What should have been shocking was this: The Hawks were still alive — indeed, they’d outscored their opponent over three games — getting this from their starting center: Seven baskets on 15 shots, plus four free throws for 18 points. And here we note: That was an aggregate, not the per-game average.

Through three games of Round 1, that’s what the Hawks had gotten from Dwight Howard, for whose services they’re paying $70.5 million over three years. (This being Year 1.) Given that Howard once was a big NBA deal — bigger enough to bill himself as Superman — you’d think, “Did these guys sign the scrawny Mr. Mxyzptlk by mistake?” But if you watched this season, you know this is no real shock.

Six Hawks had outscored Howard in the series, one being Taurean Prince, who’s a rookie. The erstwhile Man of Steel had worked 76 minutes, an average of 25.3 per game. For the record, regulation games last 48 minutes. The man making $23.5 million per season has, at the most important time of the NBA year, been playing roughly half the game.

Which is, you’d also have to say, about right. Howard’s scoring against Washington resembles a Cape Canaveral countdown: 7 points, then 6, then 5. The Hawks won the game in which he made two baskets 116-98. He wasn’t needed to score. He’s really not needed to do anything but rebound. (And he has, to his credit, seen to that. He took 32 in Games 1-3.)

The minutes are the real indicator: When the game’s on the line, Howard isn’t always on the floor. NBA teams keep going smaller and smaller, and he’s not quick enough to guard a stretch-4 who’s playing the 5-spot. Come the playoffs, not many teams have a like-for-like for him to guard. (Al Horford, whom Hawks fans spent nearly a decade describing as Not A True Center, has become about as true as it gets.)

Fun with numbers: Howard averaged 29.7 minutes per game during the regular season; he’s down to 25.2 in the playoffs. Paul Millsap averaged 34 minutes per game during the regular season; he’s at 34 in the postseason, too. Dennis Schroder’s MPG: 31.5 then, 35.1 now.

This tells us what we already knew: The biggest name among Hawks is among the least essential. They were 6-2 in games he didn’t play this season, and the latter of the losses came in the Game 82 giveaway in Indianapolis. For all the Hawks’ happy talk about how good a teammate he has been, the cold truth is that they filled the gap left when the indispensable Horford left for Boston with a big-ticket free agent who hasn’t yet and never will fit what the Hawks do best on offense.
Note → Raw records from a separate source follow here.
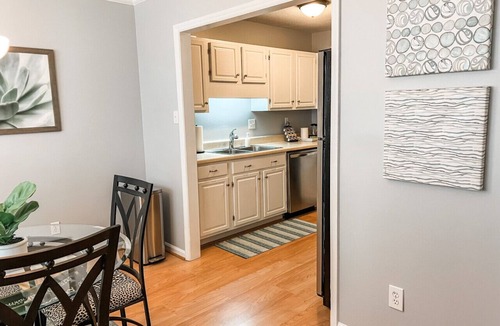 Taylor's Pond House | Charming 2-Bedroom Townhome in Downtown Cary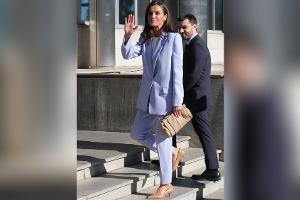 Königin Letizia von Spanien recycelt fliederfarbenes Ensemble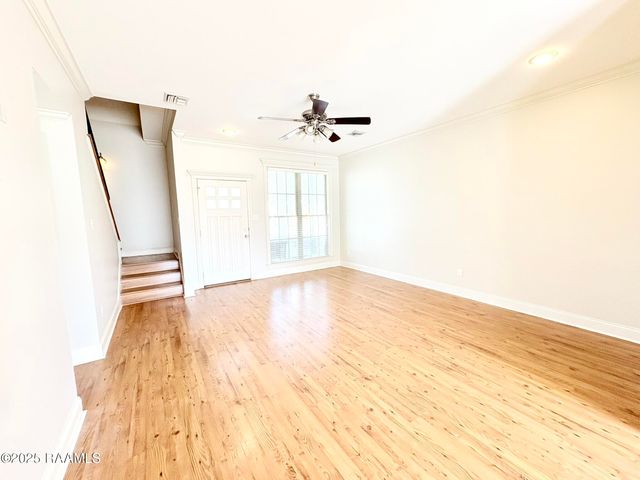 23 Courtyard Circle, Lafayette, LA 70508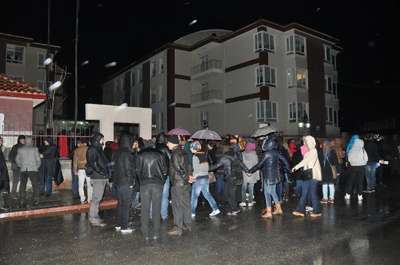 Öğrenciler, yurt yolundaki tacizi yürüyüşle protesto etti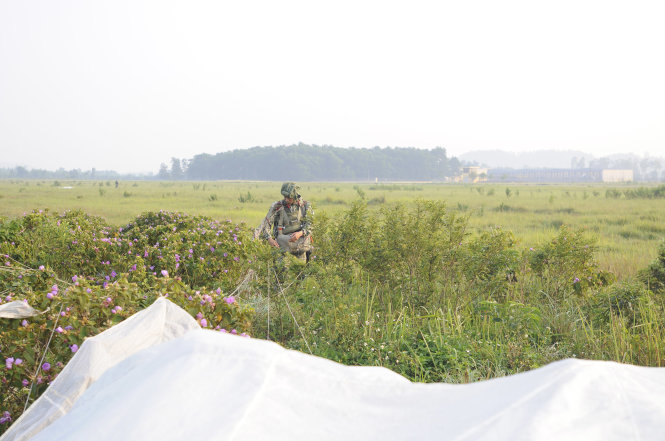 Đặc công tiếp đất và thu dù - Ảnh: Trọng Hải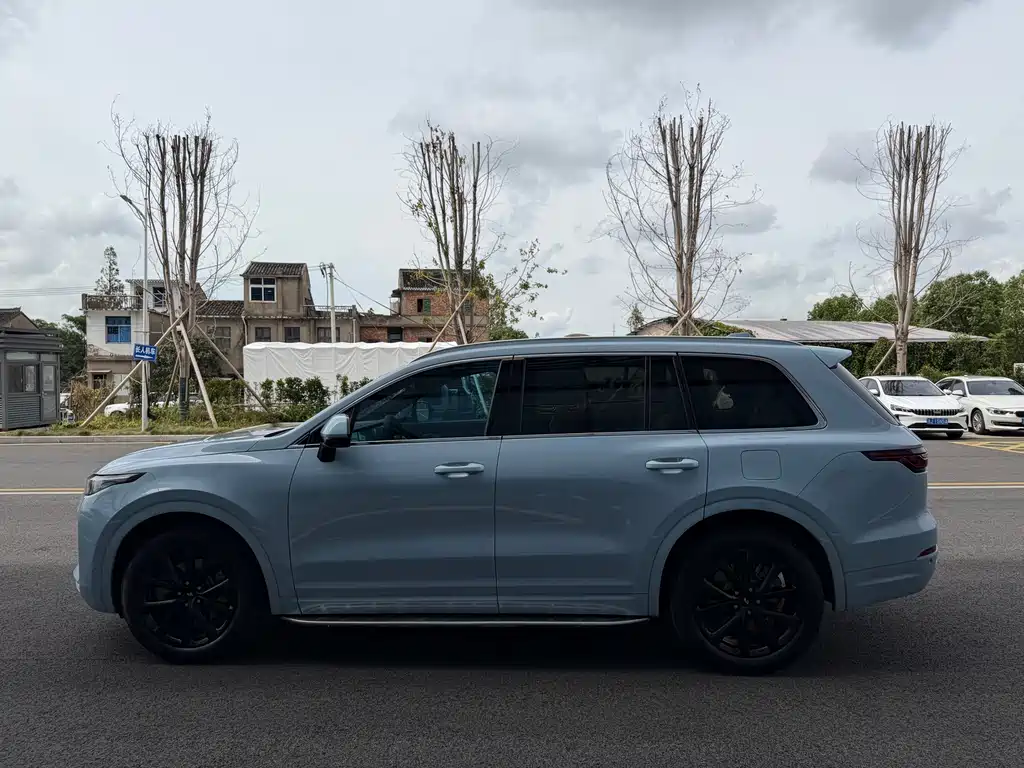 Ideal ONE 2020 extended range 6-seater version купить на сайте DeffCars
Side-by-side comparison/contrast: The Houston Rockets, who shed Howard, improved from 41-41 to 55-27; the Hawks, who added him, slid from 48-34 to 43-39.

At half the salary, Howard might have been a worthwhile addition — a rebounder who can block the occasional shot. (He finished 20th in blocks over the season; he totaled three in Games 1-3.) The professed offseason work on his jump shot notwithstanding, he still has no staple move — unless you count the putback dunk. His infamous foul shooting is yet another reason not to have him on the court at the end of a tight game.

Howard is 31, a veteran of more than 1,000 NBA games. He’s never going to be what he once was. Not so long ago, the Hawks feared him so much that Mike Woodson got fired largely because of the insistence on double-teaming him and thereby freeing Orlando’s perimeter shooters. The Hawks were swept in that series by 101 points. The next year, Larry Drew eschewed the double-team and let Jason Collins take Howard by himself. The Hawks won in six.

Today nobody needs to run a second defender at Howard, which means he has gone from space-enhancer to lane-clogger. His ballyhooed Return To Atlanta has been muted. Think about it: When last did you have a conversation about Dwight Howard?

If the Hawks survive Round 1, there might be an opponent against whom Howard becomes a real asset. (Horford, possibly. Cleveland’s Tristan Thompson, probably.) Against these Wizards, Superman has been rendered just another guy.